Life expectancy challenges for Social Security
Statistics have shown that half of the 15-year-olds of today will not reach retirement age. This will have a huge implication on retirement reform as funds will probably not be enough, and more death benefits will have to be paid out.
The debate around Social Security reform over the last few years has increasingly revealed the complexity of the challenges facing the architects of a national scheme. South Africa's life expectancy and the HIV and AIDS scourge represent just some of the unique complexities facing Government as it plans and debates Social Security reforms.
It's important to remember some of the main objectives of the proposed framework include:
* Extension of coverage to all members of the population
* Protection against poverty in old age, which includes disability
* Provision of an income and replacement of lost earnings as a result of voluntary or involuntary retirement
* Creation of an environment for the development of additional voluntary provisions for retirement income.
Unique challenges
While we can develop a framework modeled on other plans around the world, we will have to overcome certain unique challenges such as low life expectancy particularly among blue-collar workers, poor financial literacy and the development of an administration platform that can handle the complexities and scope of a national scheme.
For a large segment of the South African workforce, reaching normal retirement age is a vague hope rather than a reality, forcing a much more immediate focus on medium-term savings as well as death and disability benefits.

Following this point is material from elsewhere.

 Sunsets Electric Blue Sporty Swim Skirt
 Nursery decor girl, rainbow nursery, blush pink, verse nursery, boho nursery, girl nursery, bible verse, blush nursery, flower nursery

On the other hand, higher paid workers, who have a much longer life expectancy, have different needs. The current system, which allows members to cash out their retirement benefits when changing jobs, has led to gross under-provision in this sector with dire financial consequences in old age. South Africa is one of the few countries in the world which allows for withdrawal prior to retirement.
Flexible system
The challenge is to facilitate an orderly transition to a savings and protection system that is flexible enough to cater to the very diverse needs of the different parts of South Africa's workforce. We need a scheme that widens the retirement funding net and makes better provision for the poor in terms of risk benefits. While many of the issues are nowhere close to being resolved, South Africa does have the benefit of learning about what has worked and what has not worked in other markets.
Low life expectancy in South Africa is a curveball and reflects the broader need for an innovative risk benefits solution and flexibility within the proposed system.